Task description> Please reproduce the listing word for word. Pictures stay out.

Available data>
--

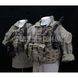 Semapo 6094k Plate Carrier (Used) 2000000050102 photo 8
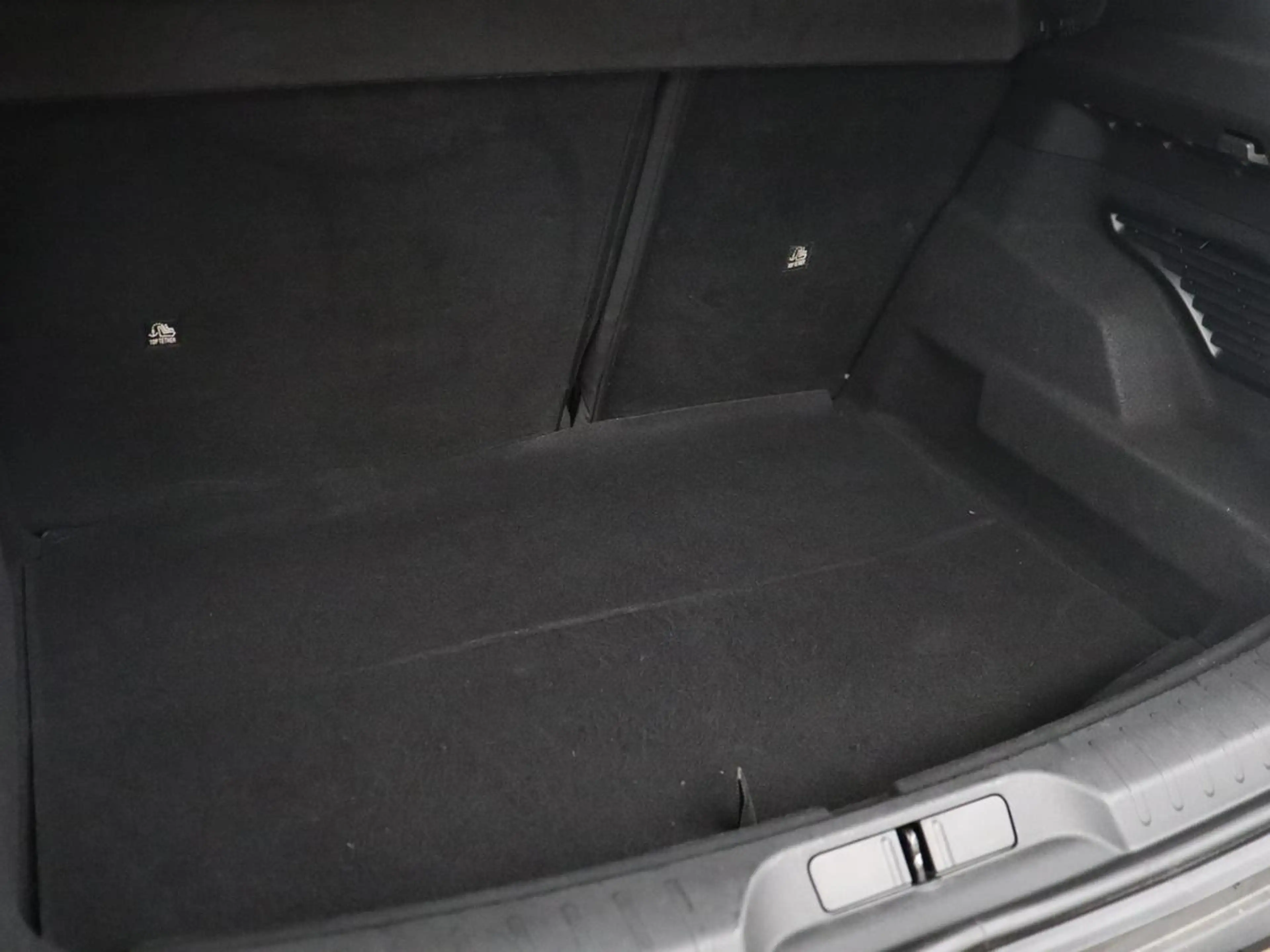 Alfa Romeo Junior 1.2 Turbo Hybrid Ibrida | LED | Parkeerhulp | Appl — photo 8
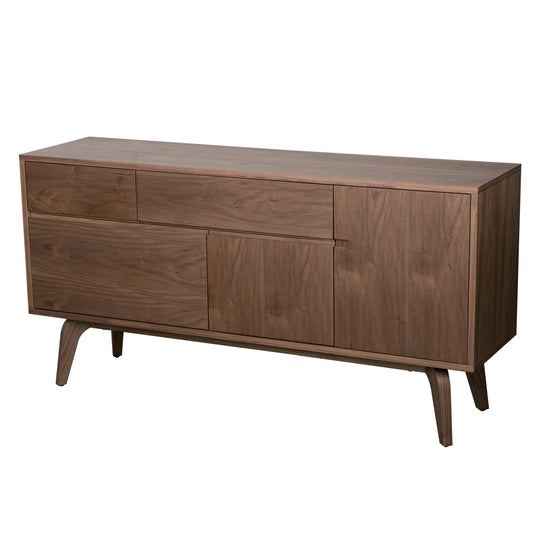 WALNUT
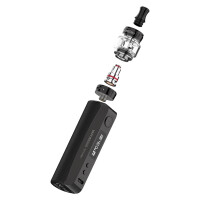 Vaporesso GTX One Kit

--

Result of the task>
 Semapo 6094k Plate Carrier (Used) 2000000050102 photo 8
 Alfa Romeo Junior 1.2 Turbo Hybrid Ibrida | LED | Parkeerhulp | Appl — photo 8
 WALNUT
 Vaporesso GTX One Kit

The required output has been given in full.